Show only Infinity Management applications - displays the 3rd Party Applications added in Infinity Management only;

Install - enable the selected 3rd Party Application(s) to be installed on the endpoint(s) if it is not already installed. If the 3rd Party Application is already installed, it will not do anything;
Update - enable the automatic update of the selected 3rd Party Application(s);
Check interval - allows you to set the time interval when the HEIMDAL Agent checks for newly available patches;
Patching Schedule - allows you to set a scheduler for the 3rd Party Application patching module; 

• You can select one or more days in a week when Heimdal™ Patch & Assets can install the 3rd Party Application(s)/Patches;
  
• You can select one or more days in a month when Heimdal™ Patch & Assets can install the 3rd Party Application(s)/Patches;
• You can also select a specific interval of any day to exclude the 3rd Party Application patching.

Applications Blocklist

This feature allows you to uninstall a specific 3rd Party Application(s) to restrict the usage of unwanted applications or to get applications removed from all machines that are applying the current Group Policy. This feature removes most of the applications that Patch & Asset Management is monitoring and also uninstalls other 3rd Party Applications that are present on the endpoints but not managed by Patch & Asset Management module. To uninstall a 3rd Party Application you need to specify the name of the application and a version option (exact version, lower versions, or higher versions).

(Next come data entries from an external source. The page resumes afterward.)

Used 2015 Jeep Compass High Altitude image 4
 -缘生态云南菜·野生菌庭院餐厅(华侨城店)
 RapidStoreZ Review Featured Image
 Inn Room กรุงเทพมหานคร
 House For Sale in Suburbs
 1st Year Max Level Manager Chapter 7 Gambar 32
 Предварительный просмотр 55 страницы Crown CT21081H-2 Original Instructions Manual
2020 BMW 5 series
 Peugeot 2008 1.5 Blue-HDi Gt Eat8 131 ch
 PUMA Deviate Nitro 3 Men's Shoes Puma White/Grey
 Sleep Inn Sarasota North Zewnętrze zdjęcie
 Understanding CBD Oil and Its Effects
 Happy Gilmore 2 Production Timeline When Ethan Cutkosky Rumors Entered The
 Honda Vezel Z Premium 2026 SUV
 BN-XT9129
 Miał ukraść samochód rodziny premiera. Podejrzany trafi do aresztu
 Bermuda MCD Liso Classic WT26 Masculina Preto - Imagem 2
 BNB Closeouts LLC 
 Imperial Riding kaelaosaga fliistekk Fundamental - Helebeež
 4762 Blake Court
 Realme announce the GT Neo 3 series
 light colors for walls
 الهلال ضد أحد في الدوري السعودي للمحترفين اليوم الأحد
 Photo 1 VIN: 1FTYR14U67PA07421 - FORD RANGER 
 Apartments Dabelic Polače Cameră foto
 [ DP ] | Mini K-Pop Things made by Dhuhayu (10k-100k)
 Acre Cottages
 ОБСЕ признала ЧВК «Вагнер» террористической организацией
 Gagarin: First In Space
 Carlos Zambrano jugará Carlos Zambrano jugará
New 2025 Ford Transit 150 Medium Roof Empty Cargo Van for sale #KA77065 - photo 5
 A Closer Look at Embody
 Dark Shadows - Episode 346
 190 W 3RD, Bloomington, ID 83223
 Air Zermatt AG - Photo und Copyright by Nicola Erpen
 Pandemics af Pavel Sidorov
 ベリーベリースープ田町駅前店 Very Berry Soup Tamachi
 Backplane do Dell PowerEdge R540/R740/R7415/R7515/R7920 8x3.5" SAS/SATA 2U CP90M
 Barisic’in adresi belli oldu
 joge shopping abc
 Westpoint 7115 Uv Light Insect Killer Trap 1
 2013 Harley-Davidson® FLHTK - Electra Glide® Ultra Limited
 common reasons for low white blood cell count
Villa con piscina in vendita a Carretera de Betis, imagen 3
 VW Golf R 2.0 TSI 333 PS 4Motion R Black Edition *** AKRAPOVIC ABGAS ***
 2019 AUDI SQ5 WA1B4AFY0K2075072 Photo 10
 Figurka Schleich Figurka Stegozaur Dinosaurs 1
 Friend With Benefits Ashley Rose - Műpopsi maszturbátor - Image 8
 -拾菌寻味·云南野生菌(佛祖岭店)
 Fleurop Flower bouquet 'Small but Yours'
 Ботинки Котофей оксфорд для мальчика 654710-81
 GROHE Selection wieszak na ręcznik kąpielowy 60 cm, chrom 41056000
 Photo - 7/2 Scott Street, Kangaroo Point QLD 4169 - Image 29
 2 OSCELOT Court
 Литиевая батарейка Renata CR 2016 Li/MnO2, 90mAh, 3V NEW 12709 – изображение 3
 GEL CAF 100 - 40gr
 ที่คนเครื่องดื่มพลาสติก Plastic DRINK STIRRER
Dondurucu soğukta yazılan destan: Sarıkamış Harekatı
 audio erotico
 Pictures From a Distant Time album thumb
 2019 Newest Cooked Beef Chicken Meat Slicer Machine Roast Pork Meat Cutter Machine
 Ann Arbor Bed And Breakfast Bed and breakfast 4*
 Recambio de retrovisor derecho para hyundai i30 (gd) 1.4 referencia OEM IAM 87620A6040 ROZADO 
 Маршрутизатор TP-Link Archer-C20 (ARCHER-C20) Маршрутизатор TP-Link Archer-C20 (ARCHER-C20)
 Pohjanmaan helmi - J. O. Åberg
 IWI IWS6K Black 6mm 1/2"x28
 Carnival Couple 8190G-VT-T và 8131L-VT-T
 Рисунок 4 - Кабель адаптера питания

• the example below targets any Spotify application and versions 2.23.7.10 and higher of WhatsApp;
• using the Starts with option will remove any package named Spotify or WhatsApp with the specified version or higher.

Example: 

• If you want to uninstall a 3rd Party Application that is in the 3rd Party Patch Management list, you need to make sure that the tickboxes for Install and Update are unticked in order to be able to add the 3rd Party Application to the Application Blocklist.